Kur konusu çok farklıdır. Tamamen ülkeye olan güven nedeniyle arz talep dengesi ile belirlenir. Ki, biliyorsunuz brexit gündeme gelince İngiltere gibi bir ülkenin parası bile yarı yarıya değer kaybetmişti.
Demek istediğim son dönemlerde AB ülkeleri ile ilişkiler yeniden ısınıyor. Cumhurbaşkanımız Almanya ziyareti yaptıktan sonra 90 kişilik üst düzey iş adamı grubu ülkemize geldi. Aynı şekilde cumhurbaşkanımız şimdi de Fransa'ya gidiyormuş. Gördüğüm o ki, herkes ile kavgalı olmanın yaramadığını anlamış gözüküyoruz. Bu tip ziyaretler sonrası bir takım yatırım kararları ve anlaşmaları çıkacaktır. Ki, Almanya yenilebilir enerji yatırımlarına ilgili. Bu da, bu yatırımlara katılmak isteyenlerden döviz girişleri olacak demektir.

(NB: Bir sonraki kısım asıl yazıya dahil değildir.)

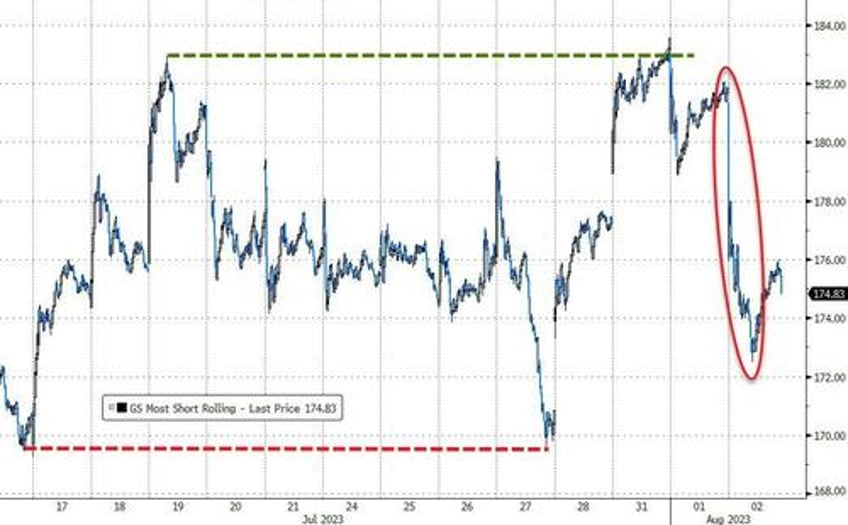 banks bonds big tech black gold bullion battered as dollar disregards downgrade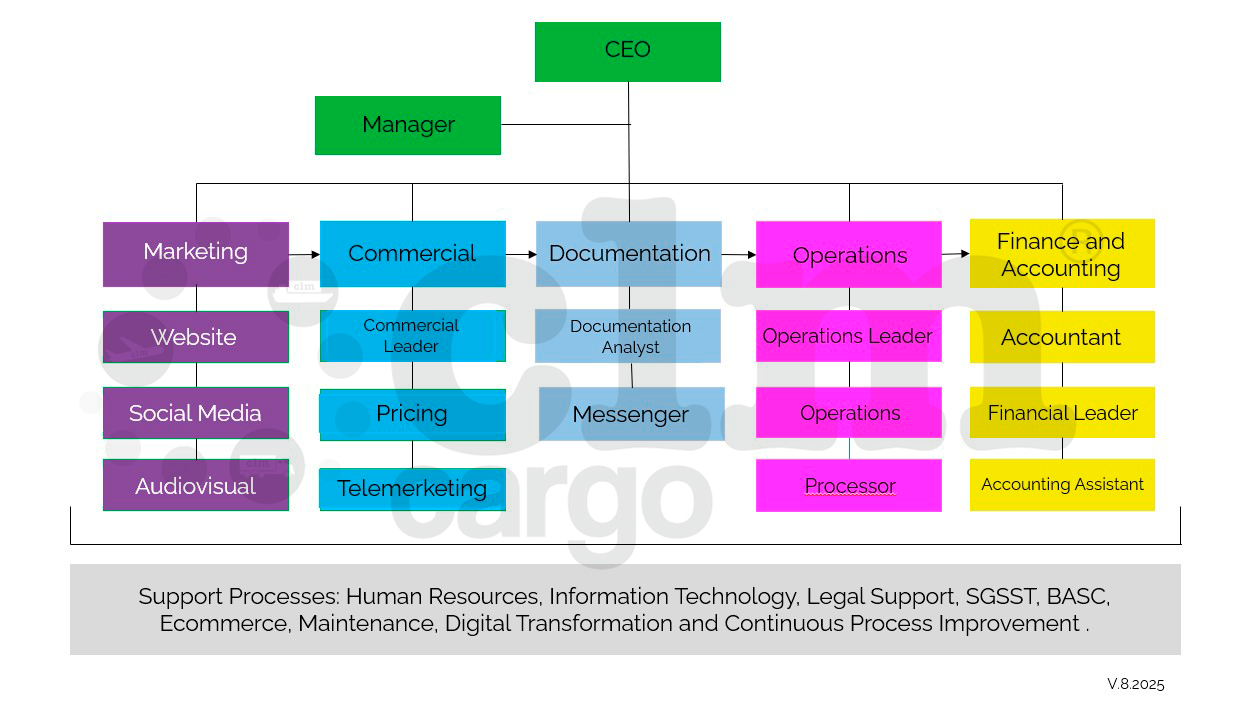 CLM Cargo organization chart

Biz bence en kötüyü yaşadık. İçeride ve dışarıda yaşadığımız gerginlikler hem dışarıdan fon girişlerini durdurdu. Hem de içeride yok bankalardaki paralara el konacak, yok döviz kurları düşük değerlerle sabitlenecek gibi manipülatif korkularla ülkeden ciddi bir para kaçışına neden olduk. Ama artık kaçandan daha çok para girişi olacağını bekliyorum. Bu beklentim nedeniyle dediğiniz gibi bir yeni kur aratağını beklemiyorum.

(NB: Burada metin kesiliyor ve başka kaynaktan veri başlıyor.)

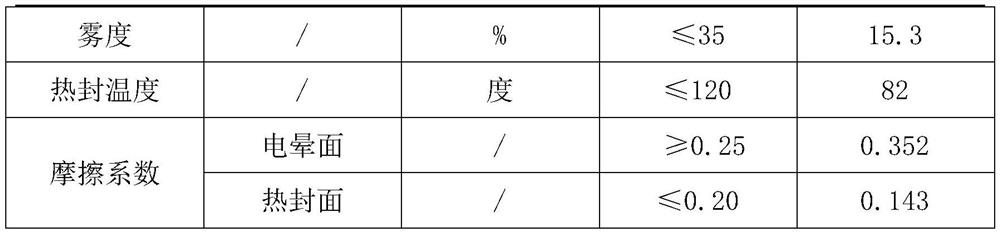 Three-layer co-extruded ultra-low temperature heat-sealable packaging film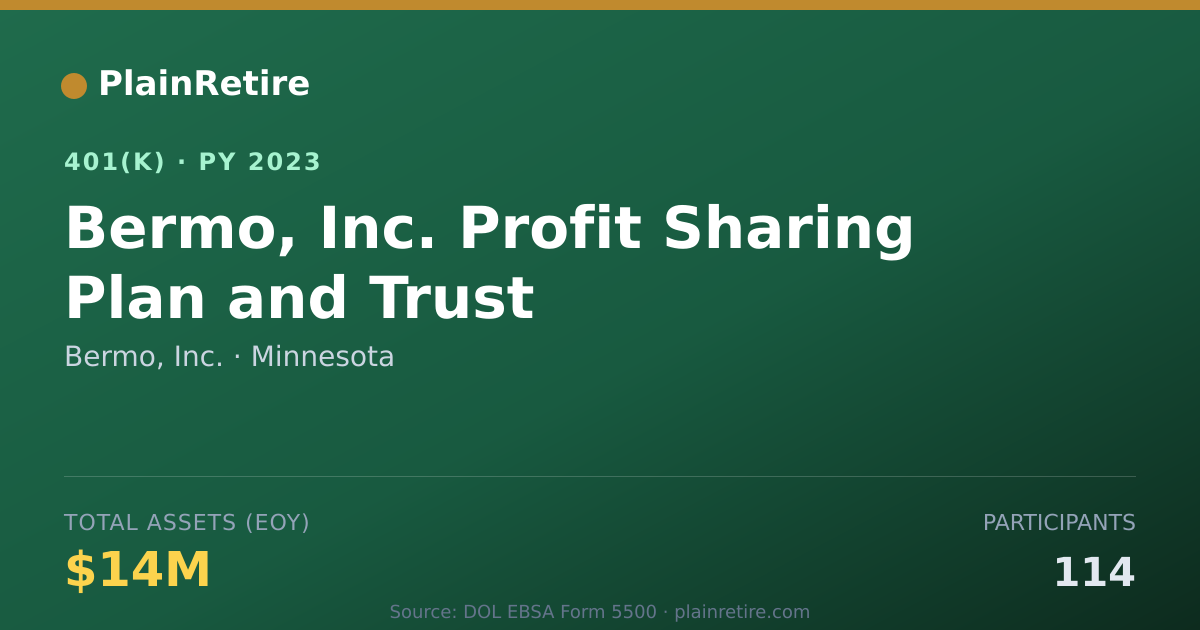 Shareable card for Bermo, Inc. 401(k) Plan (2023)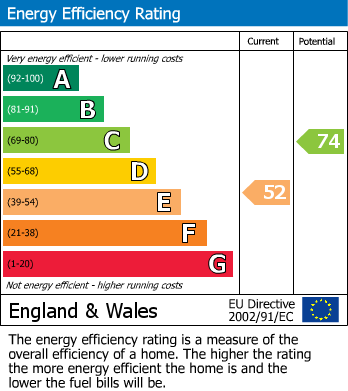 EPC Graph for Acre Avenue, Eccleshill, Bradford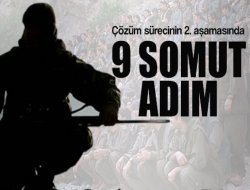 Çözüm sürecinin 2. aşamasında 9 somut adım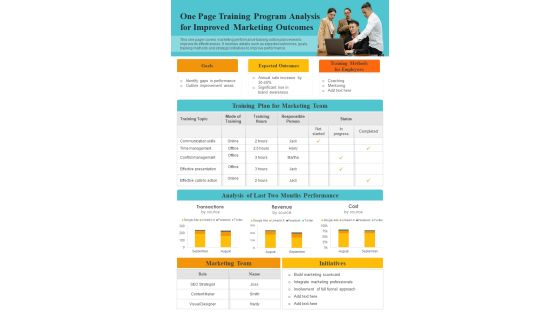 One Page Training Program Analysis For Improved Marketing Outcomes PDF Document PPT Template One Page Training Program Analysis For Improved Marketing Outcomes PDF Document PPT Template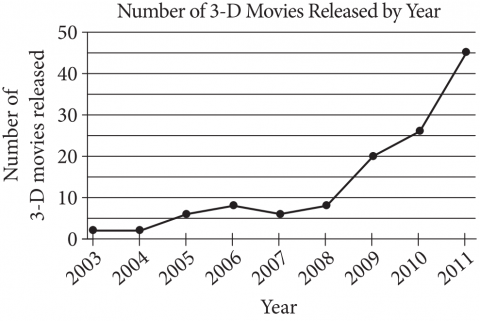 null Line graph titled 'Number of 3-D Movies Released by Year' showing years 2003 to 2011 and corresponding numbers of movies released.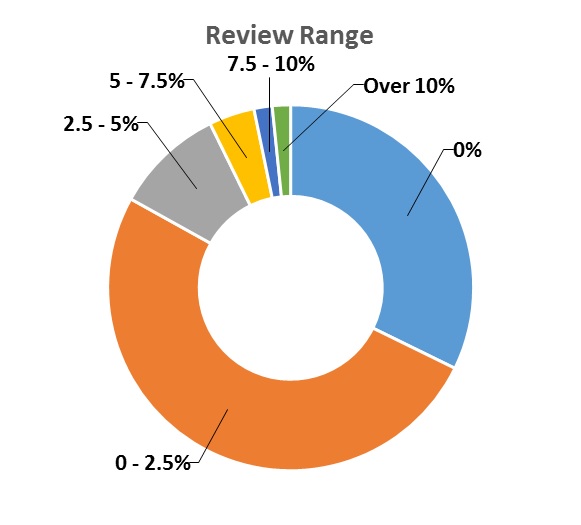 Review range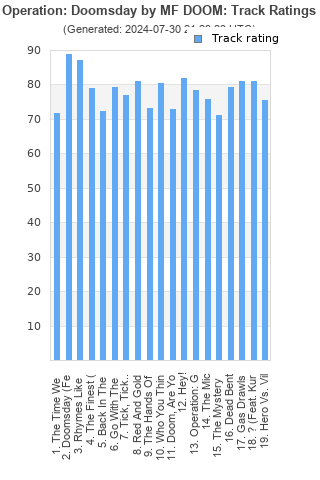 Track ratings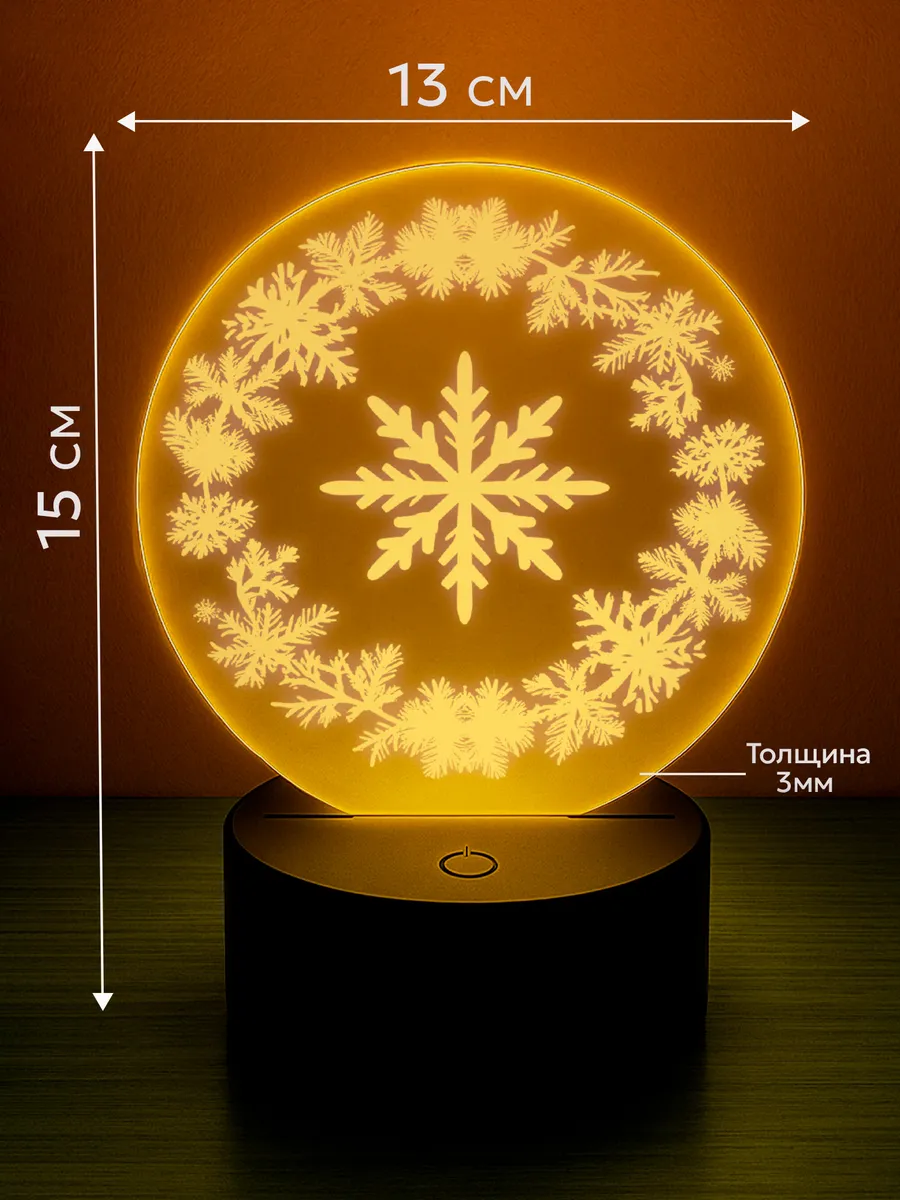 Изображение товара 2 из 5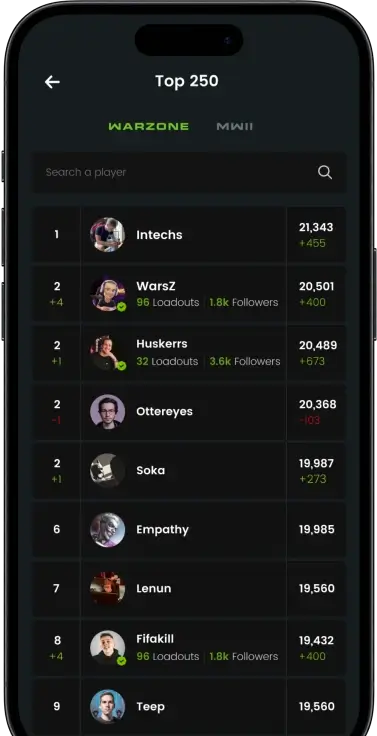 Competitive trackers Feature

Ancak her türlü iç dış siyasi gerilimler bu dediğinize neden olabilecek gelişmelerdir. Eğer beklemediğimiz böyle bir gelişme yaşanırsa, o zaman hayır hiç bir şekilde o kurlar bir daha görülmez diyemem, daha üstü bile böyle zamanlarda geçici de olsa görülebilir. Buna neden olabilecek en büyük risk, halkbank davası ile ilgili piyasaları bozacak büyüklükte bir yaptırım kararı olur. Ama ben o konuda bile ortamın yumuşamasını bekliyorum. Bunun ilk sinyalini İran konusundaki ambargoda ülkemize ya da şirketlerimize istisnaların uygulanmasında göreceğiz. Ya da görmeyeceğiz.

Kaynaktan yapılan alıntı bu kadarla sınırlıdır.